Escaping enslavement in some Canadian work camp selling maple leaf flags to tourists, I continued my ride up through Nelson, I quick walk around town yielded two bits of worthwhile tourist information: 1. Nelson has no stores selling maple leaf flags to tourists or other crap that I’d be excited about until three years from now I’d clean my bike with the BC screened t-shirt; 2. the restaurants in town don’t serve lunch before 1130. Off to Balfour to catch the ferry across the lake as part of our loop experience. Enjoyed a great lunch as the Pot Duck, watching the ferry load and offload vehicles. After chow, we parked the bikes on board for the 45 minute ride across the Norwegian fjord-esque lake, a really magical scene that would be great place to rent or own a lakefront home, except for the border crossings.
The east side loop follows the lake front that is populated with cottages. Jeff and I pulled over for a break to take in the scenery of the lake somewhere mid-point. Proceeding down the east side, we soon found ourselves back in the US (the border crossing into USA was simply a greeting and welcome home). When we stopped for fuel near Bonners Ferry, Idaho I noticed that it had become oven hot. It was only a few miles to the campground thank goodness. Little did I know what I was about to face.
Twin Rivers Canyon Resort was an enchanting park with lush green grass and riverfront access, but….the campground was down a dirt Llama trail built to match the famous Inca death road in the Andes mountains, they achieved great accuracy in replicating the hairpin turns of loose gravel and the challenge of navigating a narrow rut path carved in the cliffside.
Sleeping in, with the canyon campground, the hillside shielded us from the sun’s morning reveille. We finally showered and packed, escaped certain death up the Inca path to civilization, and proceeded into Montana. It was Jeff’s first visit to the big sky country, so we paused for a picture. Following route 2 we stopped at the wonderful The Perfect Assh cigar store in Libby and afterwards got edible pizza. We veered off the US route towards Koocanusa Lake, stopped to enjoy one of our Perfect Assh cigars at a busy marina, where the entire boating population of Alberta was spending the summer.

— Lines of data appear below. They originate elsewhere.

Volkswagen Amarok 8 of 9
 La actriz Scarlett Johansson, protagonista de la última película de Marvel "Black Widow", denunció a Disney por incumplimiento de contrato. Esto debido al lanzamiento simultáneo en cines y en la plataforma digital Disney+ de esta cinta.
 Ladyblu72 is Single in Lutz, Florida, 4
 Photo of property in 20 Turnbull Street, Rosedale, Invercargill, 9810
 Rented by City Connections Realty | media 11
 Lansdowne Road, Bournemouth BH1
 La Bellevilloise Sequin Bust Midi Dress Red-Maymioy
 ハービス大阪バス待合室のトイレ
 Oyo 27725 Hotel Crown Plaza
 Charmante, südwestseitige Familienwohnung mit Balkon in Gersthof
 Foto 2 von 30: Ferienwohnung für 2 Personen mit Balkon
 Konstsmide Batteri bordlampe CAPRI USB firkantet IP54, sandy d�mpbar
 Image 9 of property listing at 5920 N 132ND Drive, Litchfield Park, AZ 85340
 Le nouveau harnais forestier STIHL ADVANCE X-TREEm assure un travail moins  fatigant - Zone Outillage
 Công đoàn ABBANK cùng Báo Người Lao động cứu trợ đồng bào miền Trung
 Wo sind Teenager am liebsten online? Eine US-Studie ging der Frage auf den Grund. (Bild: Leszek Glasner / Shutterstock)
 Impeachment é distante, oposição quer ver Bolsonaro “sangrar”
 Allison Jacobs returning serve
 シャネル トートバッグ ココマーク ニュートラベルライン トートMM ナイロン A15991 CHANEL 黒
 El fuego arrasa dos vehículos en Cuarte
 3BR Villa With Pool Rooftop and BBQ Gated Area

Later that day, still experiencing the digestive conflagration from the afternoon’s pizza, we settled camp at Rexford National Park; for $12/night I decided to stay for two. Jeff rode into town to buy half a cord of wood from a 90 year old mountain man, while I gathered some wood in the woods. Imagine that! We gave an attempt to start the great Koocanusa Forest Fire of 2016.
14 August, had breakfast at Cafe Jax, the popular Eureka breakfast joint, and then bid farewell to Jeff. I am once again of my own devices.